* _WORK ITEM_: Every entry below needs to be printed again exactly, with its pictures left out.

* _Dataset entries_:
········

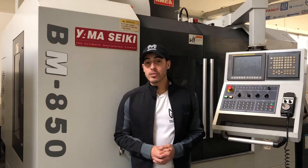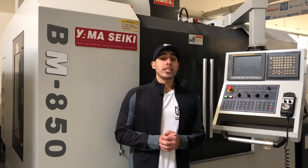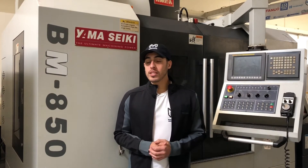It comes with the books and manuals. This machine is fully loaded. For full specifications I will list it in the description below. Let's take a look at this machine.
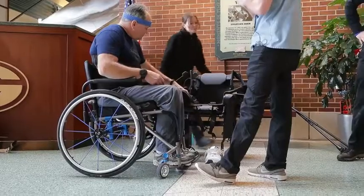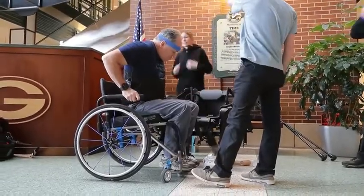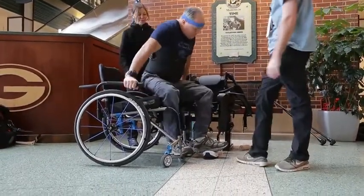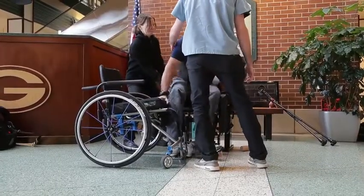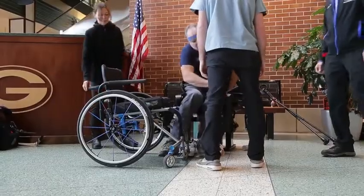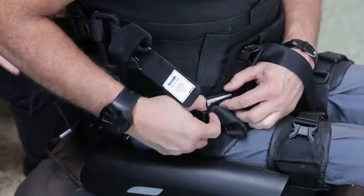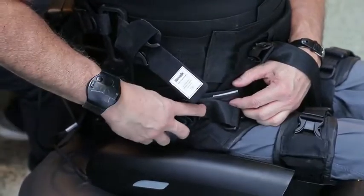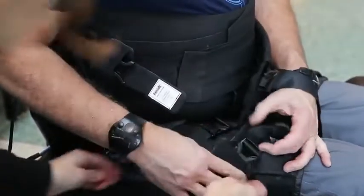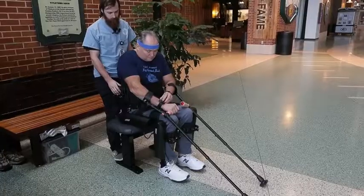With this study we basically want to see how useful these devices are in the community. We have a screening phase where they go through a lot of tests and measures, and then we do a training portion. Ideally, the participant takes the device home for four months and gets to use it in their community and home — because they're really nice and flashy, but we want to make sure that veterans are actually using them so we can get them what they need.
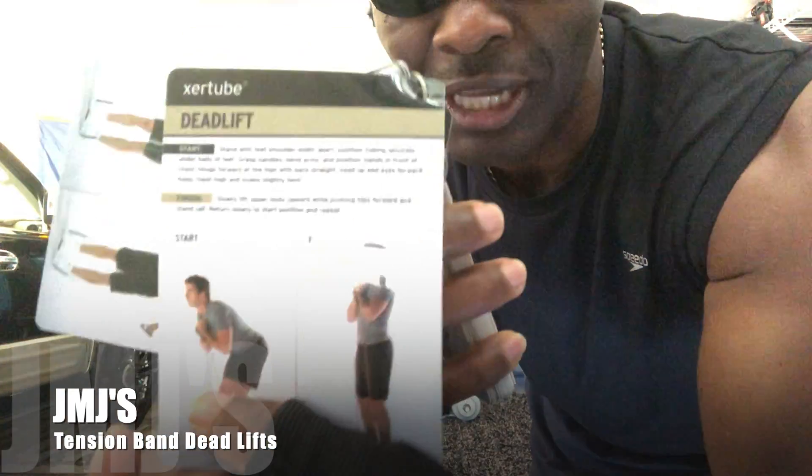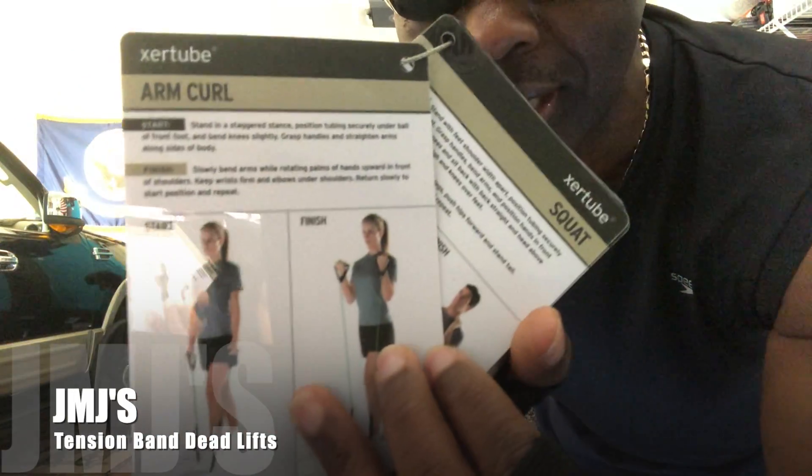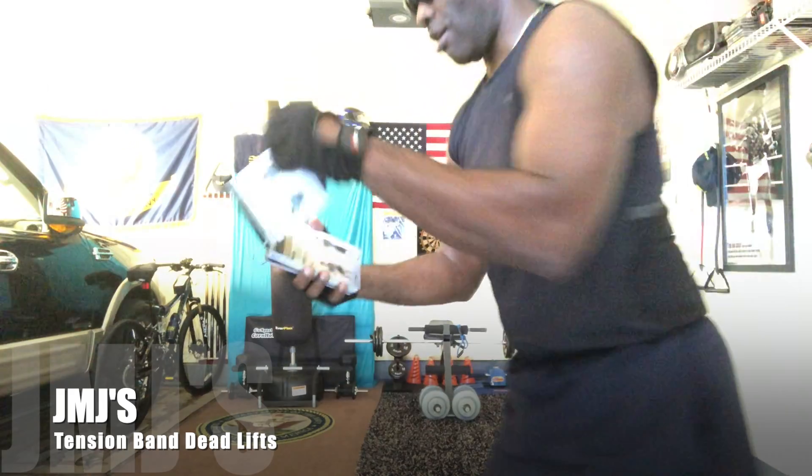What up, this is your boy JMJ with Stand Action Active Workout. I was going through my tension band workout book and I saw that you can actually do deadlifts with the tension band. So that's what I'm gonna be rocking out to today — regular deadlifts and also one called deadlifts with arm extensions.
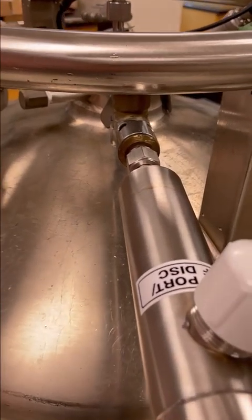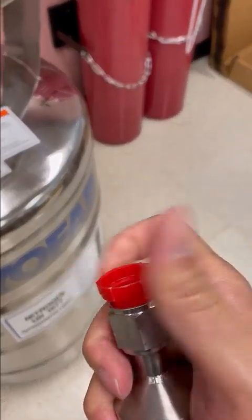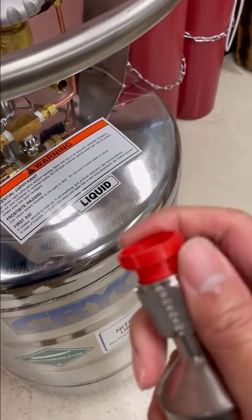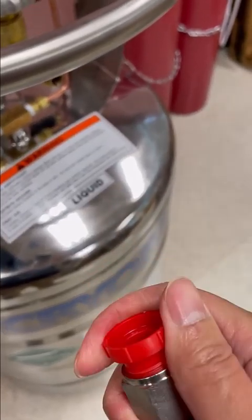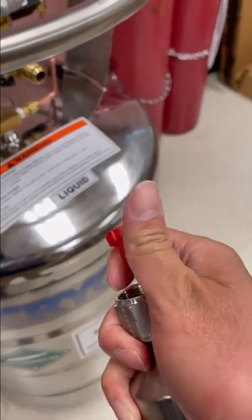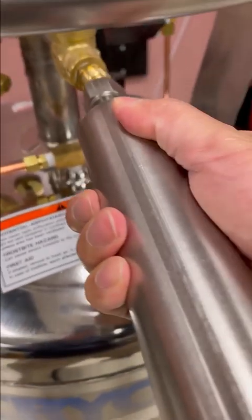After connecting the transfer line to here, I will connect it to our demo unit. The first thing is to take off this cover. Just keep rotating. You might need a wrench if it doesn't work, then I will connect it to the liquid side.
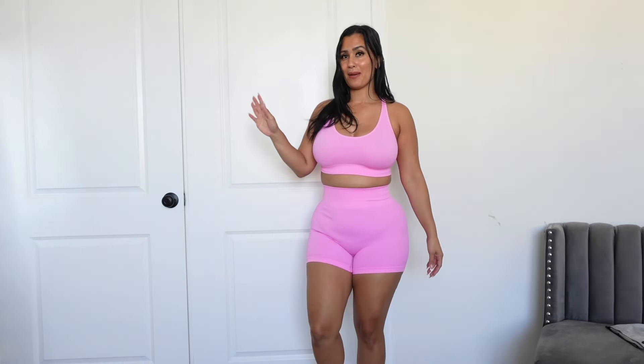That's going to be the end of my try-on with the sportswear from Shein. This is not sponsored — I'm just giving you guys my honest opinion on what it looks like on me as a curvy woman. Make sure you check down in the description below for all my social media platforms, and I'll see you guys in my next upcoming video. Bye!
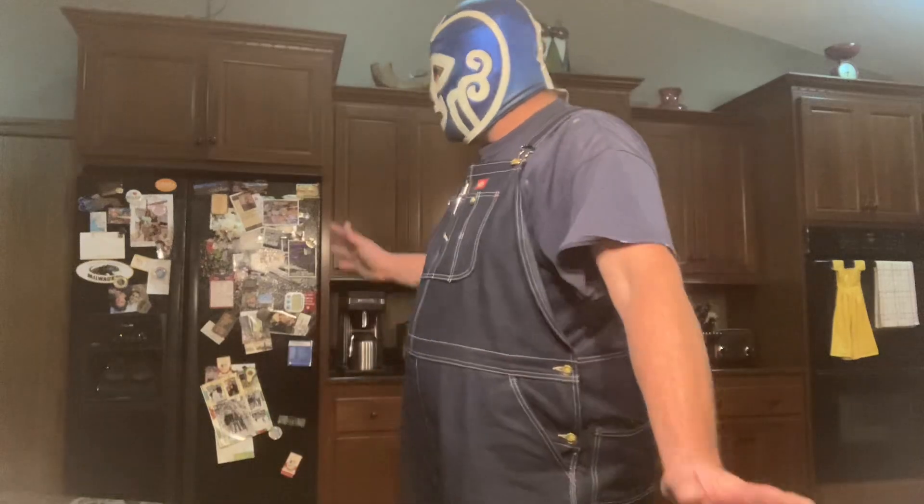I will give you this little update quick. I'm a little embarrassed — my wife is sitting right there and she never sits here while I record these. So this is embarrassing to be in a wrestling mask in front of my wife.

········

* _EXERCISE RESULT_:
It comes with the books and manuals. This machine is fully loaded. For full specifications I will list it in the description below. Let's take a look at this machine.
With this study we basically want to see how useful these devices are in the community. We have a screening phase where they go through a lot of tests and measures, and then we do a training portion. Ideally, the participant takes the device home for four months and gets to use it in their community and home — because they're really nice and flashy, but we want to make sure that veterans are actually using them so we can get them what they need.
What up, this is your boy JMJ with Stand Action Active Workout. I was going through my tension band workout book and I saw that you can actually do deadlifts with the tension band. So that's what I'm gonna be rocking out to today — regular deadlifts and also one called deadlifts with arm extensions.
After connecting the transfer line to here, I will connect it to our demo unit. The first thing is to take off this cover. Just keep rotating. You might need a wrench if it doesn't work, then I will connect it to the liquid side.
That's going to be the end of my try-on with the sportswear from Shein. This is not sponsored — I'm just giving you guys my honest opinion on what it looks like on me as a curvy woman. Make sure you check down in the description below for all my social media platforms, and I'll see you guys in my next upcoming video. Bye!
I will give you this little update quick. I'm a little embarrassed — my wife is sitting right there and she never sits here while I record these. So this is embarrassing to be in a wrestling mask in front of my wife.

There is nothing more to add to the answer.